As far as I could tell, [he] was able on once reading a book or article to quote it back verbatim; Moreover he could do it years later without hesitation. He could also translate it at no diminution in speed from its original language into English.

Only one mathematician, A.C. Aitken, has ever described in detail how he was able to perform his incredible feats of memory and calculating. His methods will be analyzed later in an attempt to answer some of the questions posed above. One thing that is known is that his “nearly perfect” memory played a large part in his ability to calculate.

In order to understand memory, it is first beneficial to discuss other elements related to memory. Intelligence is the capacity to learn. Each individual has a limitless capacity to store information. Learning is based on the acquisition of new knowledge about the environment. Memory is simply the retention of things learned. This model implies that anything that is learned is stored in our vast and endless memory bank. The problem most individuals face is recalling the information they have learned appropriately. Research has shown that memory can be improved through enhanced learning techniques and a variety of recall cues. Memorization is enhanced in the course of acquiring understanding. The more interest one has in a subject, the better one is able to later recall information about the subject.

Modern research has concluded that memories are stored electrochemically. The exchange of information takes place at the synapses. The more of these connections in the brain, the quicker and easier it is to store and transfer information. These connections are developed in the early years of childhood. Some evidence supports that the more young children are exposed to positive, intriguing inputs, impulses, and information, the more nerve cell connections are made in the brain. The extent or implications of these findings are arguable, but it is known that the first five years of life are critical to the development of the brain, although connections in the healthy brain continue to be made throughout life. In other words, someone who had a positive experience with math, showed early interest and ability, and was supported throughout, would have a better chance of developing into someone who could perform quicker calculations.

Researchers acknowledge two types of memory systems: locale and taxon. Locale memory is based upon natural learning or learning in context. For example, remembering last night’s dinner is very easy, although no formal thoughts occurred to remember the menu. It is based on schema, or mental maps. It is the memory that stores our life experiences and helps us become who we are. The items stored in locale memory exhibit a complex set of relationships among each other. Schema formation is motivated by novelty, curiosity, and expectations. Because it is intrinsically oriented, those who become curious about math at an early age, for whatever reason, begin learning using the locale memory. It becomes insufficient by itself, though, to produce the abilities described at the opening.

Taxon memory is based on the information-processing model. It is the area of the brain where lists, categories and numbers are stored, including the majority of mathematical tables and formulas. The most pervasive characteristic is that taxon memories must me rehearsed. Information stored here requires rigorous learning. It is more difficult for information to be stored in this matter, requiring long repetitions and rehearsals.
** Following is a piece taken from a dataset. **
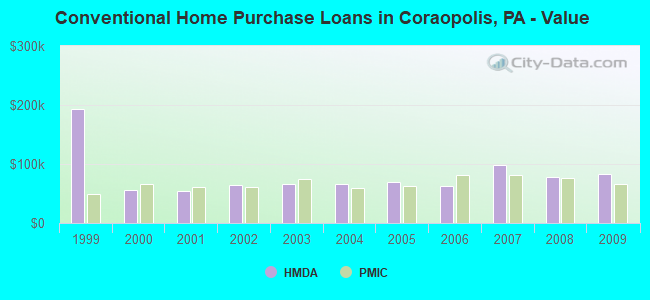 Conventional Home Purchase Loans in Coraopolis, PA - Value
However, once information is stored in the long-term taxon memory, it is very difficult remove or change and tends to last much longer.

The individuals mentioned earlier who have displayed the amazing feats of memory have attributed their skills to practice, practice, and practice. Zerah Colburn is interesting because his abilities diminished when he underwent education. This may be due to the simple fact that his abilities required continual practice for hours a day, which he was unable to afford with his studies. A demonstration of the permanence of taxon memory is illustrated by an anecdote from the life of A.C. Aiken. When he was proceeding to recite the second 500 digits of Pi, he uncharacteristically hesitated and sometimes corrected himself. When asked why he found the second 500 much harder than the first, he had an interesting answer.

Before the days of computing machines there was a kind of competition in seeing how fare they could calculate Pi. In 1873, Shanks carried this to 707 decimals; but it was not until 1948 that it was discovered that the last 18 of these were wrong. Now, in 1927 I had memorized those 707 digits . . . and naturally I was rather chagrined to find that I had memorized something erroneous. [Later], I re-memorized it, but I had to suppress my earlier memory of those erroneous digits.

Aiken’s problem was that he could not forget the incorrect 180 digits. (By the way, the current record for pi recitation is 100,000 digits, by Japan's Akira Haraguchi. a feat which took him 16 straight hours.)

It is best to study the methods for storing information and calculating through the methods used by Aiken, for he is the only one who could actually described some of the methods he employed. But first, it is appropriate to discuss general methods of improving memory and recall.

There are three requirements for information storage: registration, consolidation, and retrieval. Registration is the input of information from our environment received by our senses. Once we have registered the data, we must organize or consolidate it into either our short or long-term memories. After it is stored, we must be able to have access to it when we want it. There are several ways to improve the way we store information and retrieve it, ranging from mnemonic devices, chunking, association, rehearsal, and even eating certain foods.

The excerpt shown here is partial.